From the Saturday Evening Post,  December 29, 1945, vol. 218, no. 26

 

PICTURES FOR PEANUTS

By NICK GRINDE


Over on Stage 6 a million-dollar picture is starting this morning. The call was for nine little well-placed optimism you could say that the epic is beginning to show promise of getting under way. A lot of departments with a whale of a lot of mighty fine technical abilities have been working for weeks toward this very day. Propmen, grips, gaffers, electricians, boom men, recorders, mixers, cameramen, assistant cameramen, a script clerk overflowing her rose-colored slacks, a company clerk, an assistant director, his assistant and his assistant are functioning with the occupational movements that will find each one ready when the moment-finally comes to record the suspensive scene where Nancy says, ‘I am tired of wearing other people’s clothes. From now on I will wear my own or nothing!”
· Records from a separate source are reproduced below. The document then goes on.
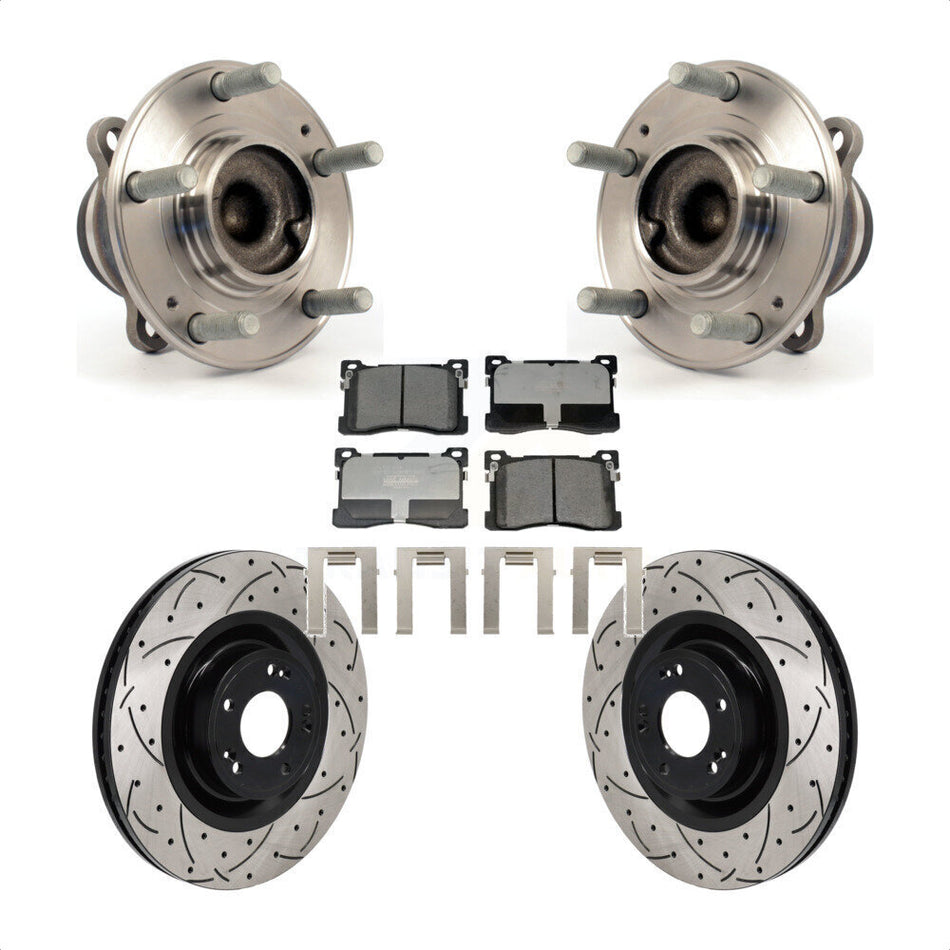Front Hub Bearing Assembly Drilled Slot Brake Rotor & Pad Kit For 2012-2016 Hyundai Equus KBB-130662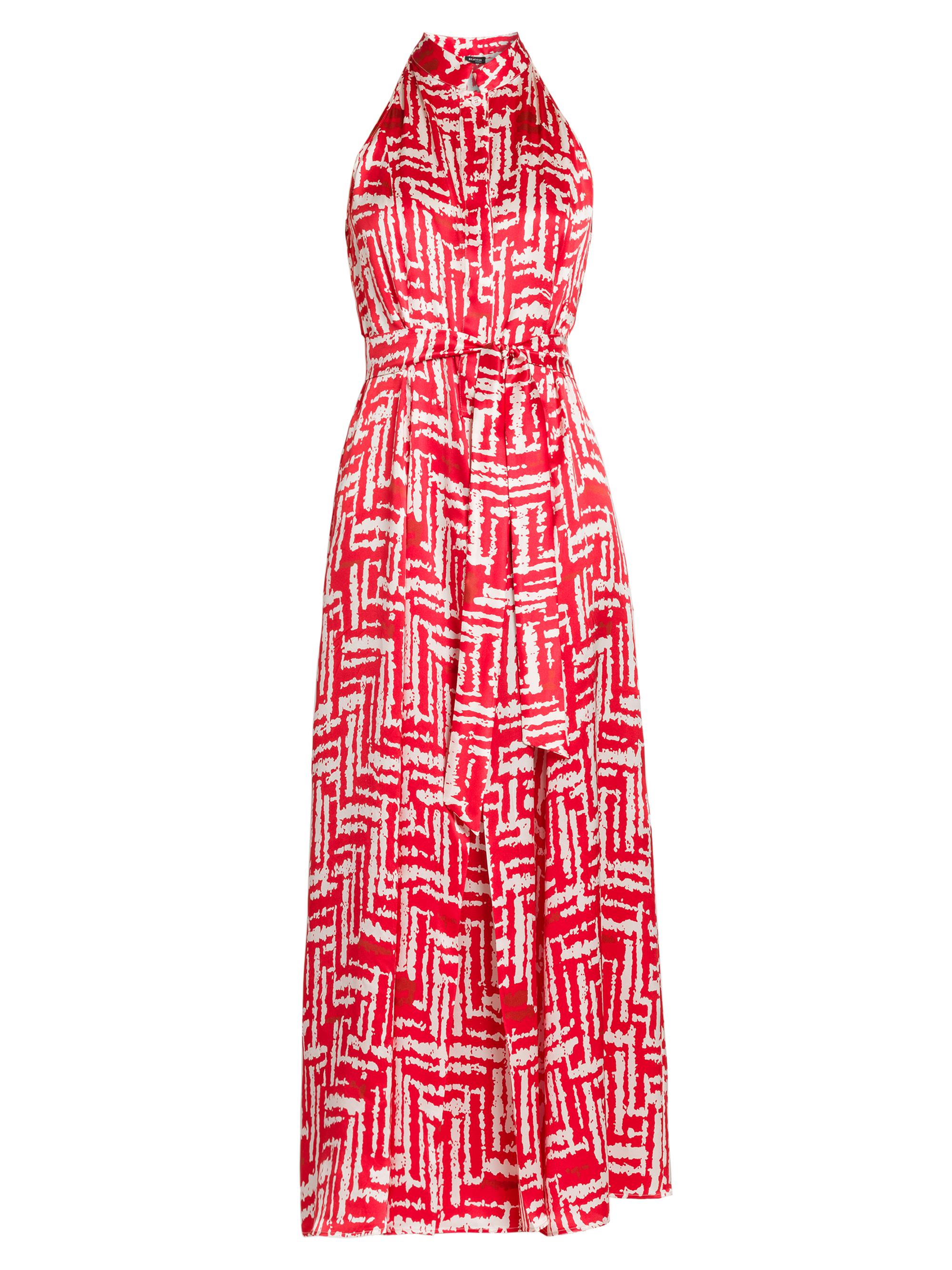 Kiton Women's Printed Silk Sleeveless Midi-Dress - Red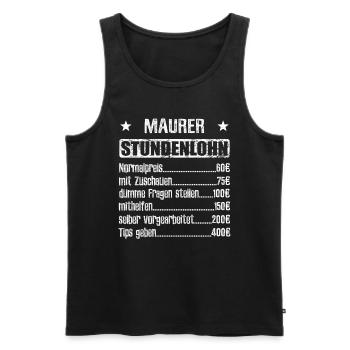 Stundenlohn Maurer Beruf - Spruch - Männer Premium Bio Tank Top - Anthrazit - Vorne - AI Model Male 185 dark (185cm)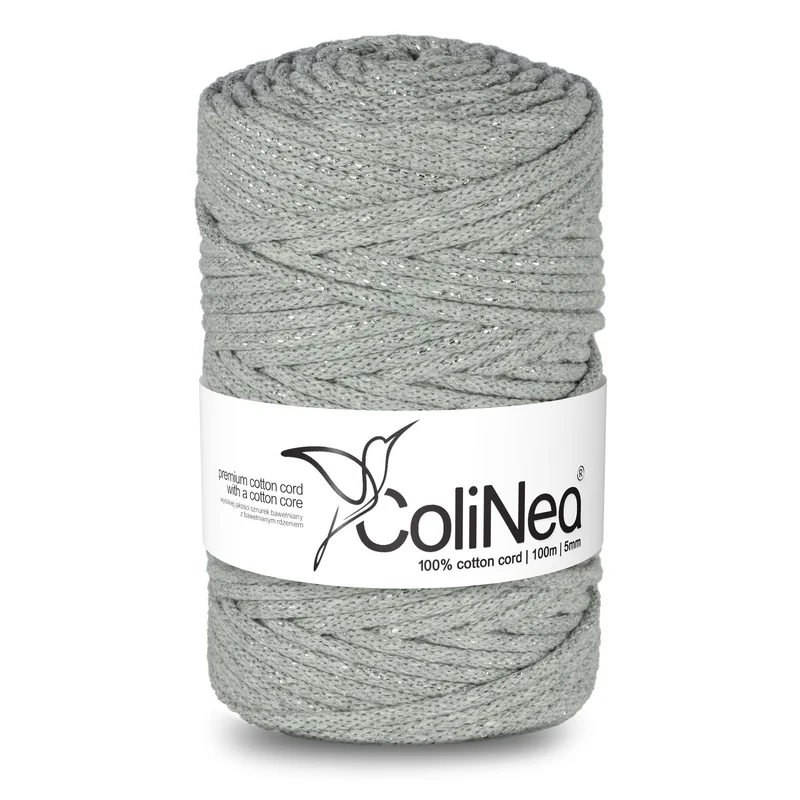 ColiNea, Baumwollkordel mit Baumwollkern, geflochten, 5mm, 100m, grau mit Silberfaden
This confused efficiency, laced, of course, with a fine sense of self-preservation, is going on, all unnoticed, around, above and in between the associate producer and the director, who already are trying to see who can stay calm the longer. The pattern is familiar to everyone. Too much has been written about the habitat of the colossal picture for anyone to have escaped a willing or unwilling education on the subject.

But over on Stage 3 in this same studio another picture was scheduled to start this morning: at eight-thirty. It’s ten-thirty over there, too, and they have exactly two hours’ work under their belts. There are no press agents or fan-magazine writers hovering around. No newspaper columnists are harvesting their succulent crop. You’d think it said “Contagious” on the door instead of “Quiet, Please! Shooting!”

The difference is that this is just another little picture. A B picture, if you please. B standing for Bread and Butter, or Buttons, or Bottom Budget. And standing for nearly anything else anyone wants to throw at it. But it’s a robust little mongrel and doesn’t mind the slurs, because it was weaned on them. If the trade papers give a B the nod at all, they usually sum up their comments by saying it will be good for Duals and Nabes, which is why you'll find them on a double bill in the neighborhood theaters.

A B picture isn’t a big picture that just didn’t grow up; it’s exactly what it started out to be. It’s the twenty-two-dollar suit of the clothing business, it’s the hamburger of the butcher shops, it’s a seat in the bleachers. And there’s a big market for all of them.

Only by perpetual corner cutting can these often quite presentable cheaper pictures be made to show the profit that is so very agreeable to the studios which invested their money in them.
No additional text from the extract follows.